■ **DIRECTIONS**
Reproduce each line of the material exactly, minus any picture.

■ **EXERCISE DATA**

■ ■ ■

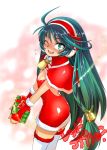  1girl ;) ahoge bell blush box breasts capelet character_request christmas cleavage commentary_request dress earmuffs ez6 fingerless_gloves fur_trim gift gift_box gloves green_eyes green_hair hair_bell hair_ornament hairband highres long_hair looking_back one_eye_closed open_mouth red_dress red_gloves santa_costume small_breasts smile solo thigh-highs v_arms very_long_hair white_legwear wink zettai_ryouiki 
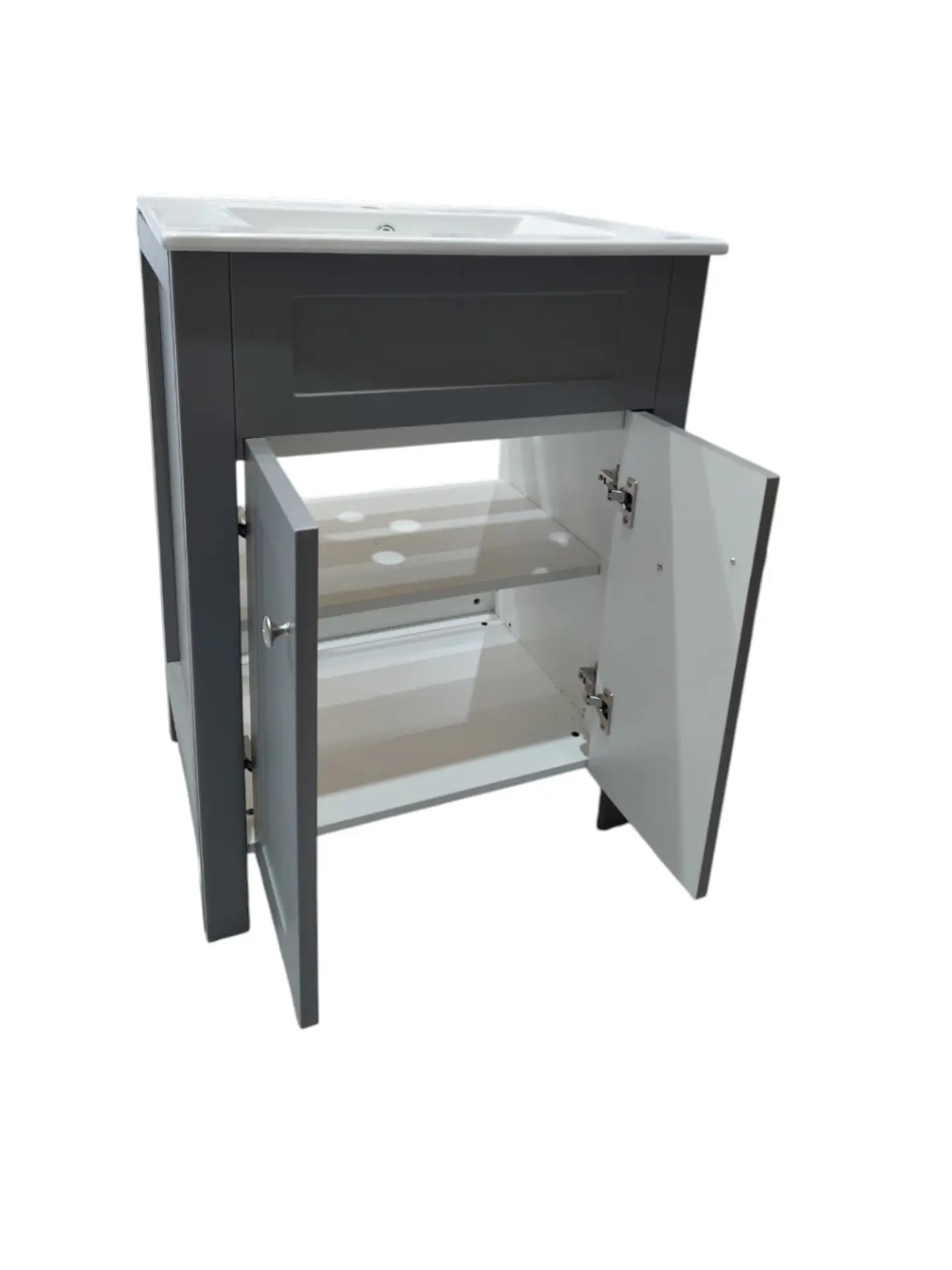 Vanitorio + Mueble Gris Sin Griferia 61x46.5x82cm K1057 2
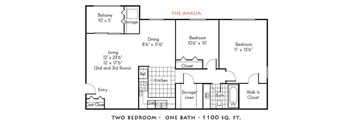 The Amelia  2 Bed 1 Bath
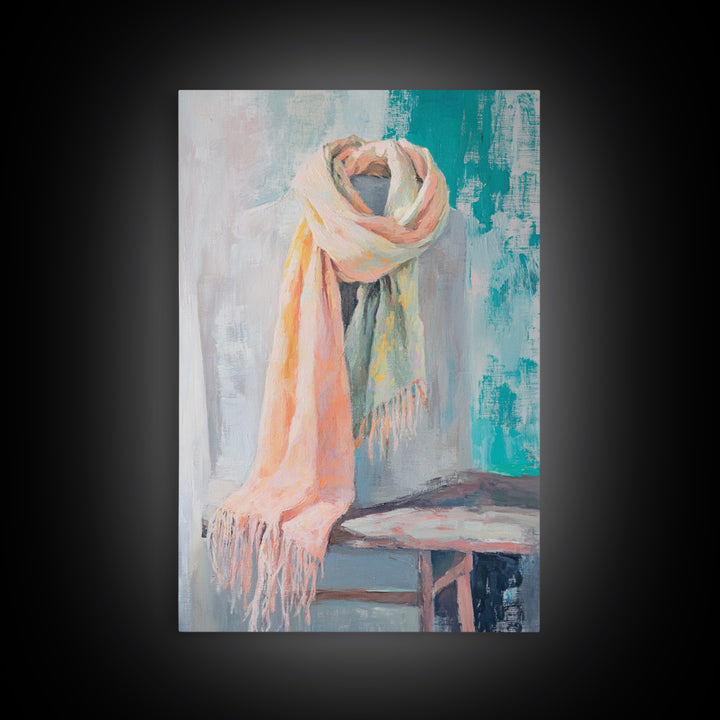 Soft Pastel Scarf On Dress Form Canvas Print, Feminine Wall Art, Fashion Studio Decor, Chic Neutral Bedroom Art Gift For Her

■ ■ ■

■ **PROBLEM SOLUTION**
  1girl ;) ahoge bell blush box breasts capelet character_request christmas cleavage commentary_request dress earmuffs ez6 fingerless_gloves fur_trim gift gift_box gloves green_eyes green_hair hair_bell hair_ornament hairband highres long_hair looking_back one_eye_closed open_mouth red_dress red_gloves santa_costume small_breasts smile solo thigh-highs v_arms very_long_hair white_legwear wink zettai_ryouiki 
 Vanitorio + Mueble Gris Sin Griferia 61x46.5x82cm K1057 2
 The Amelia  2 Bed 1 Bath
 Soft Pastel Scarf On Dress Form Canvas Print, Feminine Wall Art, Fashion Studio Decor, Chic Neutral Bedroom Art Gift For Her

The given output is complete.